Delivering quick payroll is a prime concern for many companies, and employers looking to improve how they deliver earnings to employees often consider options like payment apps, push-to-card disbursements and the RTP network. Push-to-card offerings are reportedly particularly useful in paying unbanked employees quickly by providing alternatives to paper checks. Carter noted that payroll transactions sent to prepaid cards or digital wallets are often secured via tokenization — a desirable feature. This security measure ensures that unique, one-time codes are transmitted in place of account information and other sensitive data, preventing hackers from being able to steal and use the details.
Using the RTP network can be simpler and more compelling for some types of businesses, such as those already accustomed to delivering payroll via ACH direct deposit. These employers may find it easy to transition to the RTP network because they have already collected the bank account details needed for delivering such payments, according to Carter.
“Customers used to making payments via ACH are already going to have [routing numbers] and [demand deposit account details] associated with those employees or contractors who are going to be receiving funds, so transitioning over to an RTP [network] solution is seamless,” he said. “All they need to do is take the same details they had in the ACH file and put it into an RTP [network] file.”

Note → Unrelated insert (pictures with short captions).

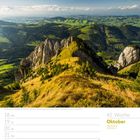 Kalender: 42. Woche, Oktober 2027, 24. Sonntag hervorgehoben. Foto von der alpinen Landschaft des Schäflers, Schweiz.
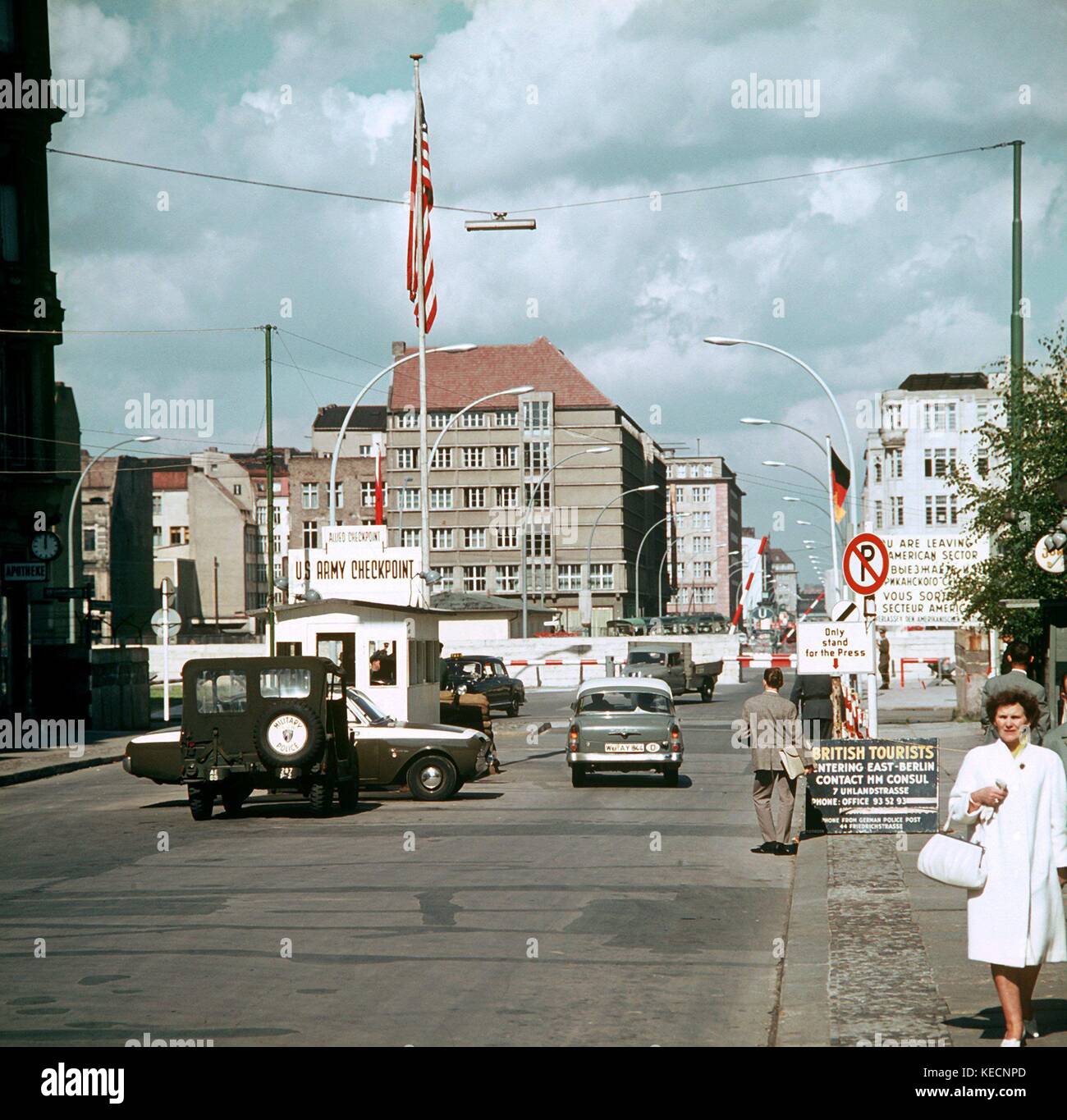 Blick auf den Grenzübergang Bahnhof Friedrichstraße in Berlin, Deutschland, Anfang der 60er Jahre. | Verwendung weltweit Stockfoto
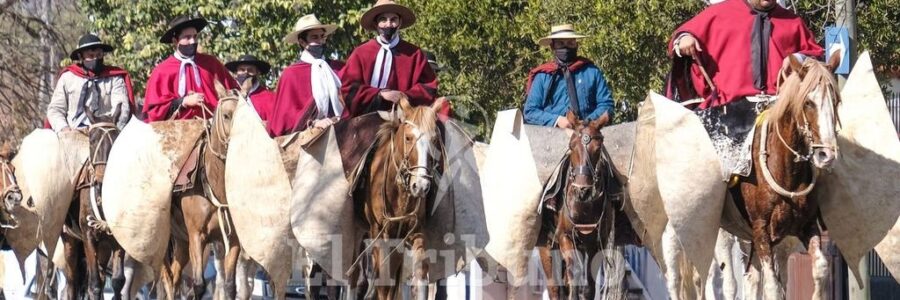 VIDEO. Entusiasmo en la marcha patriótica por el Bicentenario del fallecimiento de Güemes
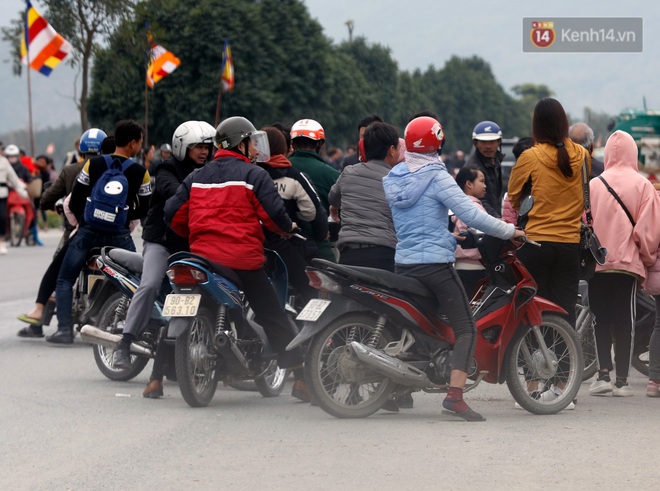 Du khách, phật tử chen nhau lên thuyền và xe điện, gây tình cảnh hỗn loạn và quá tải ở ngôi chùa lớn nhất thế giới tại Việt Nam - Ảnh 19.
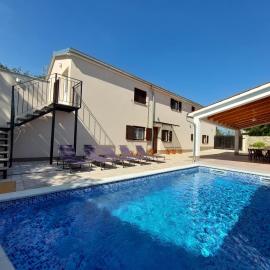 Holiday House Teza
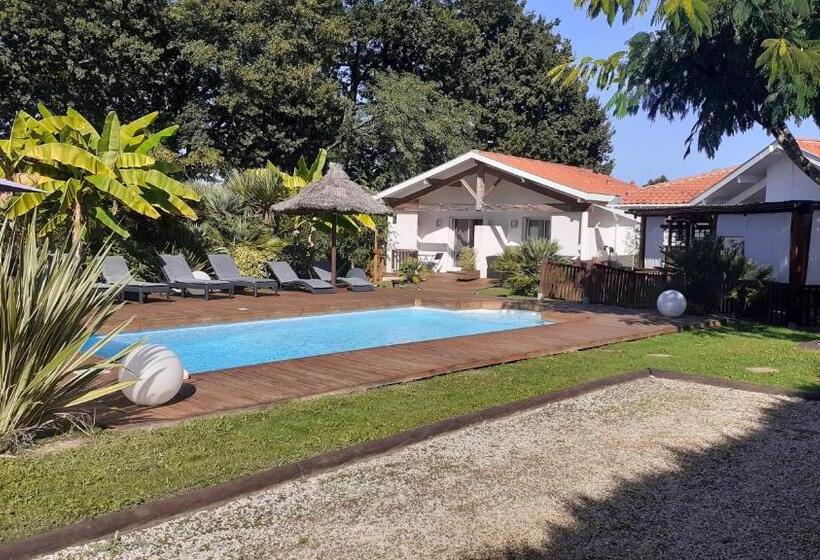 Номер Стандарт Вид на Бассейн, Chambres D Hôtes Du Hourne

Employers using the RTP network can also avoid concerning themselves with maintaining payment card industry (PCI) compliance — a must for businesses using push-to-card options — or with having to introduce workers to new tools like payment apps. The RTP network still comes with limitations, however, as companies seeking to leverage this method must ensure that their employees hold bank accounts at FIs participating in the network. Fifty-six percent of demand deposit accounts in the U.S. are connected to the network at present, and more are expected to join over time.
Businesses are facing an economic environment in which fast disbursements of vendor payments and employee payroll are increasingly important, and they will need to carefully select the payment tools that can help them tackle this need. Different priorities around budget, data management and adoption processes will lead companies to specific tools, even as they work toward the common goal of swifter transactions.